With a long weekend at both ends of the week, it was a shorter week than normal, reflecting in a rather cautious week for the sector. The North Atlantic was generally finely balanced although demand from NC South America helped keep owners’ interest, but transatlantic activity remained rather subdued with a good amount of prompt tonnage availability. The South Atlantic continued to gain strength albeit at a slow pace. An 82,000-dwt fixed delivery Haldia via EC South America redelivery Singapore-Japan at $22,500. With the steady stream of enquiry from South America this gave owners options with tonnage coming open in SE Asia. As the week progressed, stronger rates became evident on the Indonesia coal business.
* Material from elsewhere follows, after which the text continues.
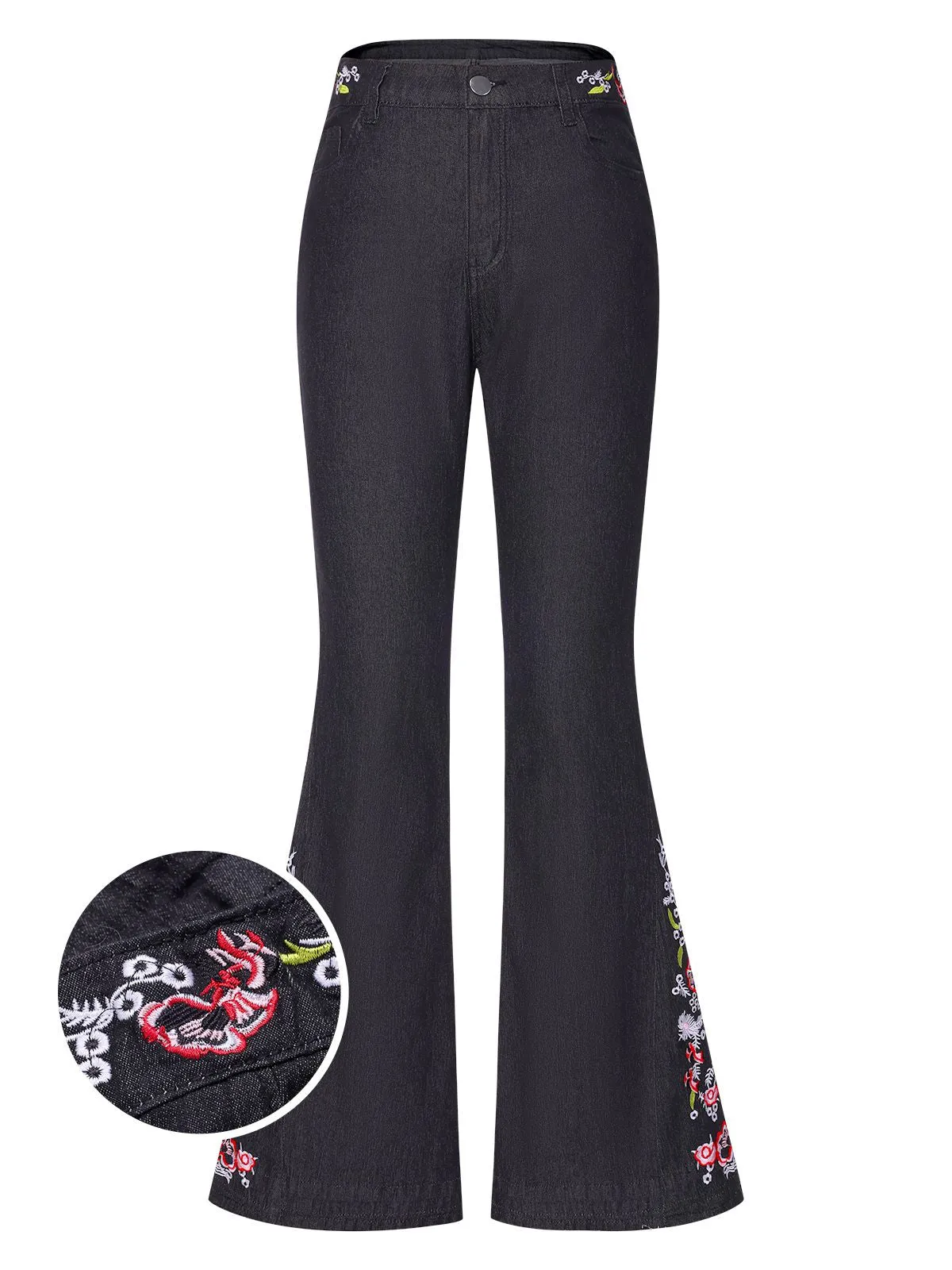 Black 1940s Embroidered Flared Jeans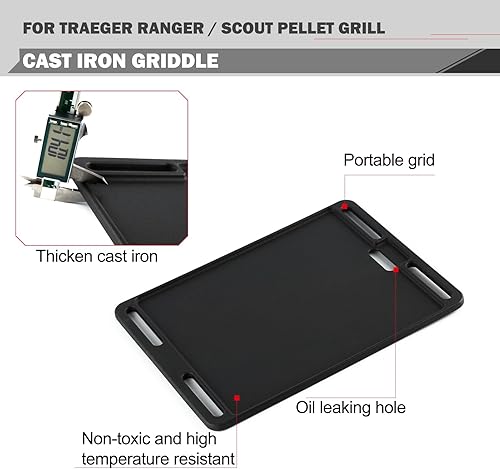 Miniatura 3 de Piezas de repuesto para parrilla Traeger Piezas de parrilla de hierro fundido Traeger Ranger Griddle BAC460 TFT18KLD Traeger Scout Parrilla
A 76,000-dwt fixing delivery Indonesia redelivery China option South Korea at $21,000. Period activity was seen, with an 81,000-dwt newbuilding fixing ex yard China mid-April dates for 10-12 months trading, redelivery worldwide, and scrubber benefit shared equally at $19,000.


Ultramax/Supramax

Despite the short week, overall positive momentum gained pace across most areas. In the Atlantic, the US Gulf saw increased demand and rates accordingly rose. A 64,000-dwt was heard fixed for a trip delivery US Gulf redelivery Singapore-Japan in the $23,000s. From the South Atlantic whilst fresh fixing was kept under hat, brokers spoke of a finely balanced affair as demand and supply kept pace. Little fresh enquiry was seen from the Mediterranean-Continent areas and the area remained rather subdued. Momentum gathered pace throughout the week from Asia as better levels of enquiry were seen both from North and South Asia. A 64,000-dwt open Philippines fixing in the low $20,000s for an Australian round. Whilst another Ultramax fixed also in the low $20,000s for delivery passing Singapore trip via Indonesia redelivery India. There was also demand from the Indian Ocean for coal from South Africa, as Ultramax vessels fixed around the mid $20,000s and mid $200,000s ballast bonus for South Africa to India/Pakistan. Period interest remained as Ultramax vessels seen in the $18,000s delivery SE Asia for short period.


Handysize

The market remained mixed and broadly subdued throughout the week, with only limited day-to-day movements in rates. The Continent and Mediterranean continued to see a lack of fresh inquiry, keeping activity muted and rate levels largely unchanged. A 35,000-dwt vessel was reported fixed for a trip from Safi to South Spain at $8,500. The US Gulf remained the weakest region, as persistent tonnage oversupply and limited demand continued to weigh on rates; a 36,000-dwt vessel was rumoured on subjects from SW Pass to Atlantic Colombia at $7,000. In contrast, the South Atlantic emerged as the strongest area, with tightening tonnage and intermittent demand lending support to firmer sentiment. A 38,000-dwt vessel was rumoured fixed from Recalada to Morocco at $20,000. Across Asia, conditions were broadly balanced to slightly positive. While activity remained relatively modest, a steady flow of cargoes and gradually improving rate expectations helped sustain a stable market tone. A 35,000-dwt vessel open in North China on 11 April fixed a clean cargo trip to Southeast Asia at mid-$11,000 levels.